Problem to work on -> Given the entries that follow, write out exactly the lines starting at the one containing "Person using a" and ending at the one containing "Second floor private", both ends included, and only those.

Web page caption snippets ->
##########
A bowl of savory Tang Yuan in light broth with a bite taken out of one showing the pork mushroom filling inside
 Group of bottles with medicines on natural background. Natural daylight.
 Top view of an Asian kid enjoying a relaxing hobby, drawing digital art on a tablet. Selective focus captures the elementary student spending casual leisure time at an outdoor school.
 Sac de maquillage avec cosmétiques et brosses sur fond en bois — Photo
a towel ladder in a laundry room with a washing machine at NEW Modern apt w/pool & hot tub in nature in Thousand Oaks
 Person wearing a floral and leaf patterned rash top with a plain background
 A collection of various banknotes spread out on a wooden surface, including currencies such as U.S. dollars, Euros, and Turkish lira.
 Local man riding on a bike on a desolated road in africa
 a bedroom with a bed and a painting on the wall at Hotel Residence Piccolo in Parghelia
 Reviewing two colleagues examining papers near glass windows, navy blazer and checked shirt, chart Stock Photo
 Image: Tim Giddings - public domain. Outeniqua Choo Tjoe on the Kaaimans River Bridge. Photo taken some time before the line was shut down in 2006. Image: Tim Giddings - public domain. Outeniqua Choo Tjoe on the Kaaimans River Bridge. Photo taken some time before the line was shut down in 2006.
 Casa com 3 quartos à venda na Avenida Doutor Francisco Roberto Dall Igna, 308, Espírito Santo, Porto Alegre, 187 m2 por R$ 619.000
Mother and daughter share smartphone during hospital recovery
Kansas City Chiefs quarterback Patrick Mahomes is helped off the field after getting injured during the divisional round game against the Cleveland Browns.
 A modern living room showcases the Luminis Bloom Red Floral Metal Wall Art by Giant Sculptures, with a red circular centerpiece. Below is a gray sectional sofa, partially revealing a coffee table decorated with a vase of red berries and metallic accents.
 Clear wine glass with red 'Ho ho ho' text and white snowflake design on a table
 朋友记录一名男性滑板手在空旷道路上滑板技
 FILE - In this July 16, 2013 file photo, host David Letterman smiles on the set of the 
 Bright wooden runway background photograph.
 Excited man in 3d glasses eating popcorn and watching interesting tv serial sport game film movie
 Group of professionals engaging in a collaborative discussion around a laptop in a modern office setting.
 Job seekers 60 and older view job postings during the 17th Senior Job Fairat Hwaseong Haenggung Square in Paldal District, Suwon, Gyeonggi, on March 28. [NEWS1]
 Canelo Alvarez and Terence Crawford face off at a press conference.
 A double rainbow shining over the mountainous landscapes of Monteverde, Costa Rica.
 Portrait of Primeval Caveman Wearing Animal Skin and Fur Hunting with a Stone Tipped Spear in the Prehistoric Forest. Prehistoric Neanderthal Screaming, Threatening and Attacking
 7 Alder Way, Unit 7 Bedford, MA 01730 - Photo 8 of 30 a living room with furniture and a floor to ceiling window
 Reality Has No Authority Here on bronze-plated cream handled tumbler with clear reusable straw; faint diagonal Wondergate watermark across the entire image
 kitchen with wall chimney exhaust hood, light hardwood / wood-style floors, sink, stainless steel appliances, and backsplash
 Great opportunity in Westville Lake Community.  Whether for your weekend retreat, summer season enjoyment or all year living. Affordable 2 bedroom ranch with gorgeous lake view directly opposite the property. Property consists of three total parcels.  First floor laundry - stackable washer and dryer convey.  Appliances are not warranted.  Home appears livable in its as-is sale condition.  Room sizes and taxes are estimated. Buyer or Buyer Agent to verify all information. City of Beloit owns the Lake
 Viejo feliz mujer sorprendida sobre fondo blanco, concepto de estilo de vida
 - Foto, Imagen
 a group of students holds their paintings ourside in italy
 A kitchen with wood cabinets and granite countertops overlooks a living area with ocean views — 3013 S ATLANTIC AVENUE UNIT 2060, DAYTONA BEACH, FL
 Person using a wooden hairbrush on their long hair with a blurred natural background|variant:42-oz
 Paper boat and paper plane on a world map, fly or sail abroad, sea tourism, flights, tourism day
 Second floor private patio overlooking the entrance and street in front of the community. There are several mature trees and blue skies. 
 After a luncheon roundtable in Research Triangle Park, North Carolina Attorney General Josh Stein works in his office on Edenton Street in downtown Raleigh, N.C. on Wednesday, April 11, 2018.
##########
Result for this task ->
 Person using a wooden hairbrush on their long hair with a blurred natural background|variant:42-oz
 Paper boat and paper plane on a world map, fly or sail abroad, sea tourism, flights, tourism day
 Second floor private patio overlooking the entrance and street in front of the community. There are several mature trees and blue skies. 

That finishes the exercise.